A natural consequence of aging is a loss of dopamine function and associated deficits in working memory in both human and nonhuman primates. Specifically, deficiency of D1 receptor signaling has been implicated in age-related cognitive decline. Here, we report that an intermittent, sensitizing regimen of the D1 dopamine agonist ABT-431 dramatically enhances working memory performance in aged rhesus monkeys, while either producing impairment or having little effect on performance in young adult monkeys. Importantly, cognitive enhancement in the aged monkeys was still evident for >1 year after cessation of D1 treatment. Because intermittent exposure to low doses of amphetamine and other stimulants has been shown to enhance responsiveness to subsequent stimulant exposure, our findings suggest that sensitization of D1 signaling may provide a novel neurobiological mechanism for improving a core cognitive process in conditions in which dopamine function has deteriorated, such as in normal aging and Parkinson's disease.

Figure 1.

Delayed-response performance across baseline, D₁ agonist, and post-D₁ agonist testing periods in aged and young monkeys. The filled triangles represent the average performance of four aged (a-c) and three young (d-f) monkeys on the spatial working memory task for individual test sessions across baseline, D₁ agonist (all five blocks), and post-D₁ agonist testing periods.

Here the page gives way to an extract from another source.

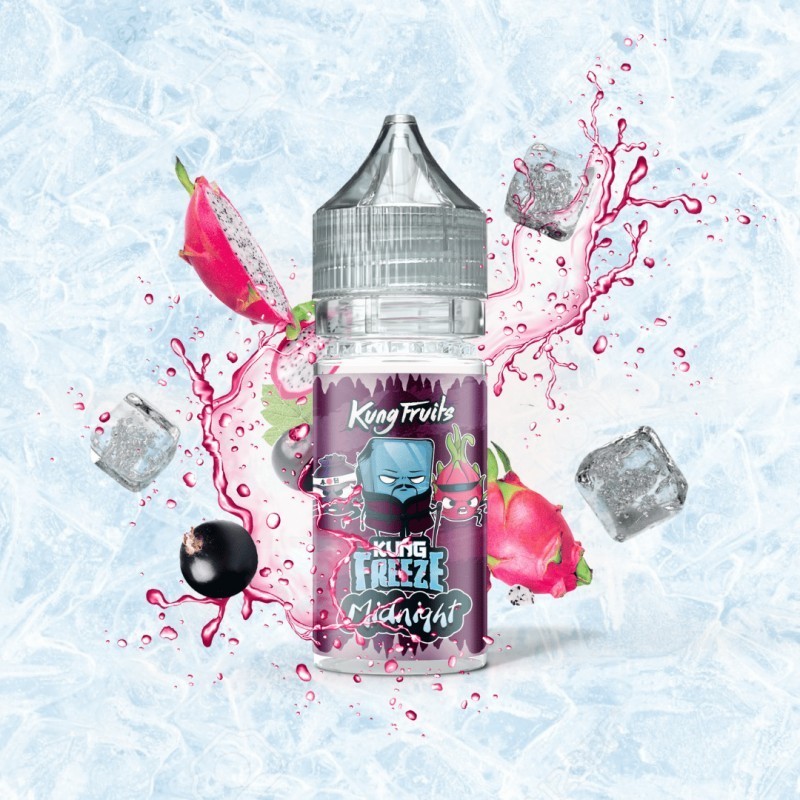 Koncentrat Kung Freeze - Midnight 30ml | Eliq Vapoteur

Both aged (a) and young (d) monkeys maintained ∼70% ± 2% correct baseline performance for a minimum of 20 consecutive test sessions before treatment with the D₁ agonist. Whereas the performance of the aged monkeys (b) significantly improved during repeated D₁ agonist treatment, the performance of the young monkeys (e) remained unchanged or became impaired. During the post-D₁ agonist testing period, the improved performance of the aged monkeys was sustained (c), and the young monkeys' performance returned to baseline (f). The r values in the graphs are based on the mean performance for all four aged or all three young monkeys on given test sessions within each testing period.

Figure 3.

The mean number of errors for aged and young monkeys across delays during baseline, D₁ agonist, and post-D₁ agonist testing periods. Shown are the mean number of errors ± SEM (error bars) for aged (open squares) and young (open circles) monkeys across the five different delays (N ranging from 1 to 10 sec) during baseline (a), D₁ agonist (b), and post-D₁ agonist (c) testing periods. There was a significant effect of delay across all of the conditions for both aged and young monkeys, that is, both groups of monkeys made significantly more errors at longer delays. As a group, aged monkeys made significantly fewer errors than did young monkeys at the lowest delays and compared with their own baseline performance during the D₁ agonist (b) and post-D₁ agonist testing periods (c).

Figure 2.

The percentage of days that delayed-response performance was significantly above baseline during the D₁ agonist period. For young monkeys (a) and aged monkeys (b), the percentage (mean ± SEM) of test sessions in which performance was significantly above baseline for each of the five treatment blocks is shown. On the x-axis, the five D₁ agonist blocks (each block corresponded to 5 d of D₁ treatment and a 2-3 week washout period) are chronologically labeled 1-5. The average performance of the aged monkeys was significantly improved by the fifth D₁ agonist block, whereas, as a group, the young monkeys actually showed a decline in performance, as evidenced by the fact that they performed above baseline on only <20% of test sessions for this block. ^*The performance of the young and aged monkeys differed significantly from one another during the fifth treatment block at an α-level of 0.05, as measured by two-way ANOVA with Scheffe post hoc comparisons. Error bars denote SEM.